Medicines Control Authority of Zimbabwe, Harare, Zimbabwe.
Front Med (Lausanne). 2022 Apr 25;9:898725. doi: 10.3389/fmed.2022.898725. eCollection 2022.
The common technical document (CTD) format harmonised the requirements for the registration of medicines, which had traditionally differed from country to country, making it possible for countries to collaborate and conduct joint reviews of applications. One such collaborative medicines registration initiative is the Southern African Development Community ZaZiBoNa, established in 2013. A recent study was carried out with the nine active member regulatory authorities of the ZaZiBoNa to determine their views on its operational effectiveness and efficiency. Having obtained the authorities' views, the aim of this study was to evaluate the effectiveness and efficiency of the current operating model of the ZaZiBoNa initiative including the challenges it faces as well as identifying opportunities for improvement from the applicants' perspective.
Applicants who had submitted registration/marketing authorisation applications for assessment under the ZaZiBoNa initiative during 2017-2021 were recruited into the study. Data was collected in 2021 using the Process, Effectiveness and Efficiency rating questionnaire (PEER-IND) developed by the authors. The questionnaire was completed by a representative responsible for ZaZiBoNa submissions in each company.

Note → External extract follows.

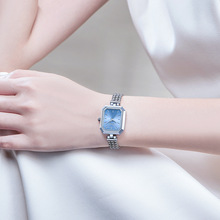 金米欧轻奢小众气质方形腕表时尚休闲女士石英表简约通勤钢带腕表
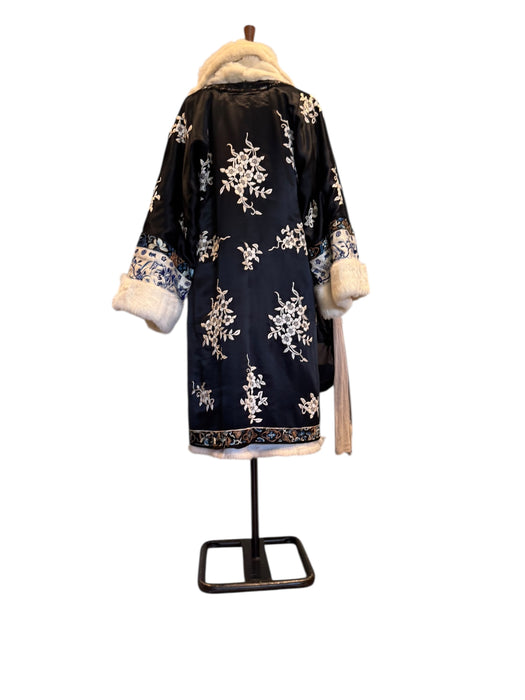 Omnia, 30s silk embroidered reversible fur coat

The pharmaceutical industry was of the view that the ZaZiBoNa initiative has achieved shorter timelines for approval of medicines, resulting in increased availability of quality-assured medicines for patients in the SADC region. Harmonisation of registration requirements and joint reviews have reduced the workload for both the pharmaceutical industry and the regulatory authorities. Some of the challenges identified were the lack of a centralised submission and tracking system, and the lack of information for applicants on the process for submission of ZaZiBoNa dossiers/applications in the individual countries, including contact details of the focal person. The establishment of a regional unit hosted in one of the member countries to centrally receive and track ZaZiBoNa dossiers/applications was identified as the best strategy for moving forward in the interim with the long-term goal being the establishment of a regional medicines authority.
There was consensus between the pharmaceutical industry and the regulatory authorities as to the way forward to improve the effectiveness and efficiency of the ZaZiBoNa initiative. Implementation of the recommendations identified in this study will lead to enhanced regulatory performance.
通用技术文档(CTD)格式统一了药品注册要求,而传统上各国的药品注册要求存在差异,这使得各国能够开展合作并对申请进行联合审评。南部非洲发展共同体的“ZaZiBoNa”就是这样一项药品注册合作倡议,于2013年设立。最近对“ZaZiBoNa”的九个活跃成员监管机构开展了一项研究,以确定它们对该倡议运作有效性和效率的看法。在获得这些监管机构的意见后,本研究的目的是评估“ZaZiBoNa”倡议当前运作模式的有效性和效率,包括其面临的挑战,并从申请人的角度找出改进机会。
招募了在2017年至2021年期间根据“ZaZiBoNa”倡议提交注册/上市许可申请以供审评的申请人参与本研究。2021年使用作者开发的流程、有效性和效率评级问卷(PEER-IND)收集数据。问卷由各公司负责提交“ZaZiBoNa”申请的代表填写。
制药行业认为,“ZaZiBoNa”倡议缩短了药品审批时间,使南部非洲发展共同体地区的患者能够更快获得质量有保证的药品。注册要求的统一和联合审评减轻了制药行业和监管机构的工作量。发现的一些挑战包括缺乏集中提交和跟踪系统,以及在各个国家缺乏向申请人提供有关提交“ZaZiBoNa”档案/申请流程的信息,包括联络人的联系方式。在一个成员国设立一个区域单位,以集中接收和跟踪“ZaZiBoNa”档案/申请,被确定为中期推进的最佳策略,长期目标是建立一个区域药品管理局。
制药行业和监管机构在如何提高“ZaZiBoNa”倡议有效性和效率的前进方向上达成了共识。实施本研究中确定的建议将提高监管绩效。